BACKGROUND OF THE INVENTION 
The present invention relates to a flange joint in which the end of the 
pipe to be joined is provided with a peripheral shoulder against which a 
flange to be tightened by means of bolts or similar is adapted to abut. 
Conventional techniques relating to flange joints involve the arrangement 
of a flange around the pipe end which flange abuts against the pipe end 
shoulder continuously around the pipe. In general the flange is made in 
one piece. In joints to fixed connections, such as pumps, provided with 
threaded bores for clamp bolts the flange is relatively often made of two 
halves in order to facilitate the installation. 
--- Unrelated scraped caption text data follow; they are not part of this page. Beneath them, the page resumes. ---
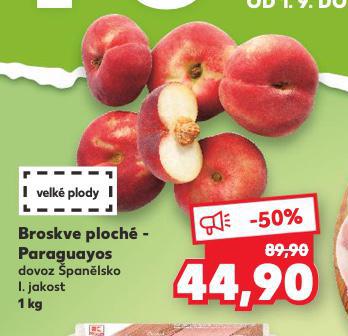 BROSKVE PLOCH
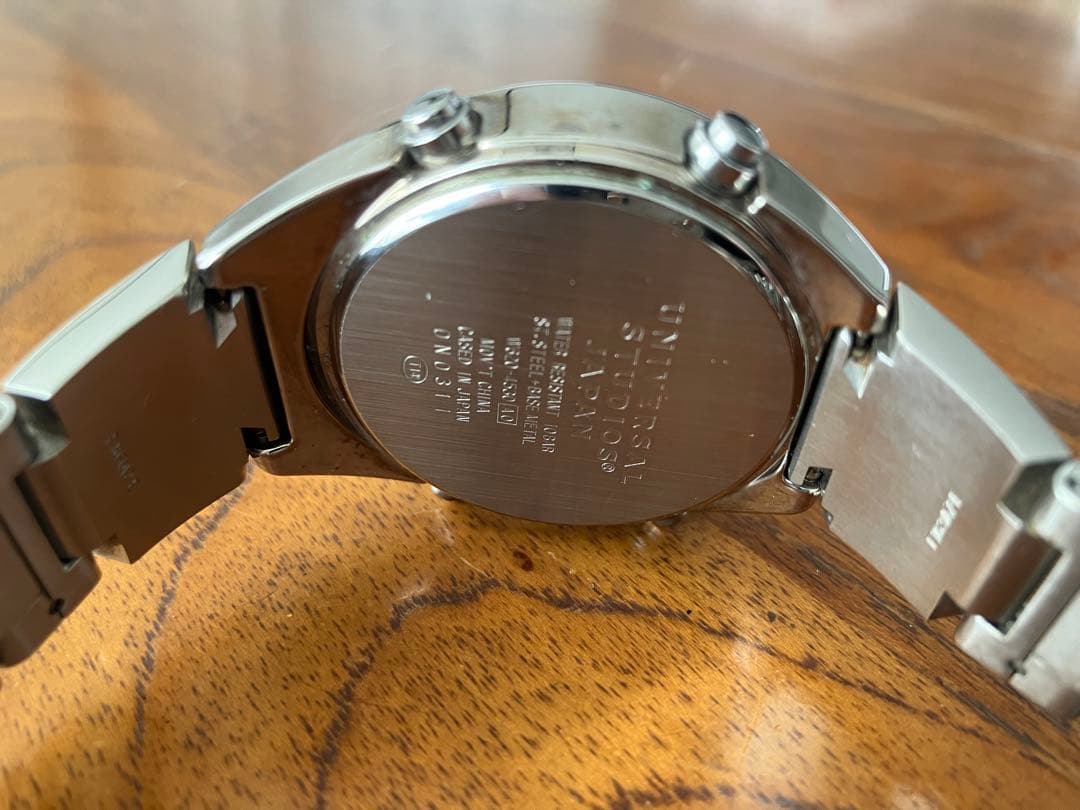 アルバSPOON INGOT UNIVERAL STUDIOSコラボモデル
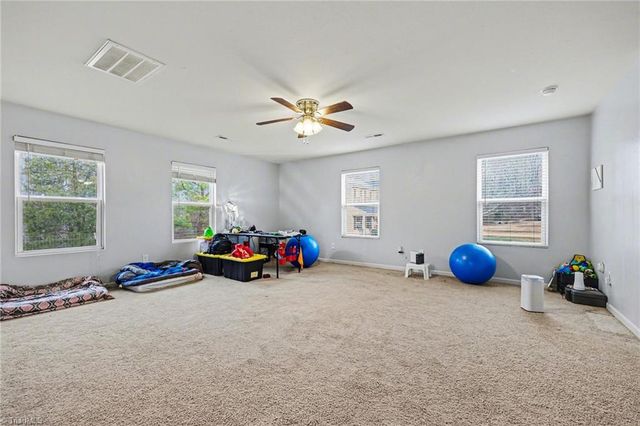 112 York Place, Linwood, NC 27299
In each case specially dimensioned flanges are required for each pipe size, 
in addition to which the division and the number of clamp bolts differ. An 
example of this is the standard SAE (J 518 c) which for pipe sizes from 
1/2" to 5" requires fifteen different flanges. Moreover, the flanges are 
to a great extent used in connections with relatively low pressure, less 
than about 50 bar, for example, in water pumps, on the suction side in 
hydraulic applications, etc, in which cases only a fraction of the holding 
capacity of the flange is utilized. 
The object of the present invention is to provide a new flange joint which 
overcomes the above-mentioned disadvantages. 
SUMMARY OF THE INVENTION 
The flange joint according to the invention is mainly characterized in that 
for each clamp bolt is arranged a separate flange piece adapted to abut 
axially against the peripheral shoulder in the pipe end. 
Thus, the individual flange pieces each abut only against a relatively 
small portion of the peripheral shoulder in the pipe end which, however, 
is quite sufficient at rather low pressures of up to about 50 bar. 
However, the invention can also be applied at higher pressures by 
inserting between the clamp bolts and the flange pieces a continuous 
support plate which provides an additional holding capacity.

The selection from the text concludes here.